Michael McKell (born 10 February 1959, in Bethnal Green, London) is an English actor. He is best known for playing Inspector Trevor Hands in Murder Investigation Team (2003-2005), Dr. Nick West in Doctors (2006-2008) and DS Nicholas "Nick" Henshall in Emmerdale (2008-2011).

Television 
McKell is best known for appearing in two British soap operas, Doctors, in which he played Dr. Nick West from 2006 until the character was run over and killed in 2008, and Emmerdale, in which he has played DC Nick Henshall over two separate periods from 2008 to 2011, until the character committed suicide. He has also appeared in a third soap opera, EastEnders as the hitman Carter who supposedly killed Paul Trueman under the orders of Andy Hunter. For his role as Nick in Doctors, McKell received nominations for Sexiest Male at the 2006, 2007 and 2008 British Soap Awards. His exit storyline later saw a nomination at the 2009 ceremony.
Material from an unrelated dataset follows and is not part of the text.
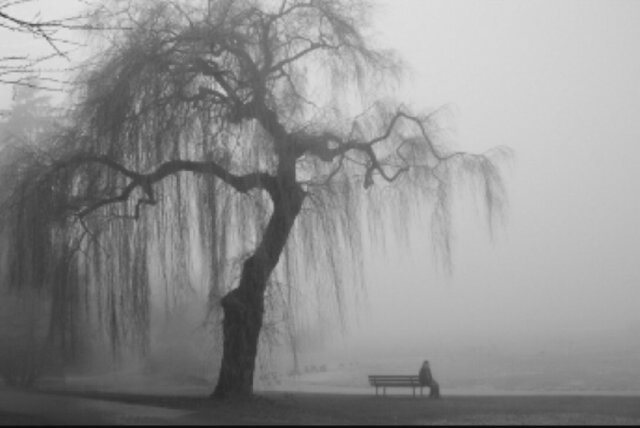 hendrew1102's profile banner image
He is also known for playing D.S./D.I. Trevor Hands in two seasons of the ITV drama Murder Investigation Team, two seasons of Channel 4's Totally Frank and the BBC One series Blessed, playing Ronnie, a Jaggeresque musician. He came to prominence in the mid-1990s as the character Tony in a series of British television commercials for the Peugeot 106 car, alongside Julie Graham and Annie Dunkley. He was the face of Ancestry in their national campaign 2019.

He appeared in the final episode of BBC2's  Cradle to Grave in October 2015. Most recently appeared in ITV drama Vera 2019.

He appeared in an episode of BBC afternoon drama-comedy Shakespeare & Hathaway: Private Investigators entitled The Rascal Cook, in which he played Len Tekler. The episode first aired on 8 March 2018 and was repeated on 21 March 2019.

Film   
McKell starred in the cult film Essex Boys alongside Sean Bean as drug dealer Wayne Lovell. Other films include Beneath Still Waters,  Act's Of Godfrey, The Low Down, Blood, Bar, Death, Freight, Shouting Men, Outpost: Rise of the Spetsnaz, Hatton Garden: the Heist, and Who Needs Enemies.

He has appeared in over 30 films, including Allied with Brad Pitt and Where Hands Touch, directed by Amma Asante. McKell co-produced and starred in Winter Ridge. The Guard Of Auschwitz, Abatement, 13 Graves, Once Upon A Time In London, Pentagram, The Angel Of Auschwitz and Irish Stand Down, were all released in 2019. 2019's Lucas & Albert features Michael's daughter Claudia Grace McKell, who herself is a director for her first film Just A Girl. 

Recently, Mckell played the titular roles in Steve Lawson's 2021 film Jekyll and Hyde, and appeared in 2022's Prizefighter with Matt Hookings, Ray Winstone and Russell Crowe.

Theatre 
From January to July 2015, McKell co-starred with Tina Hobley, Jamie Lomas, Rik Makarem and Gray O'Brien in a nationwide touring production of  Peter James's  Dead Simple.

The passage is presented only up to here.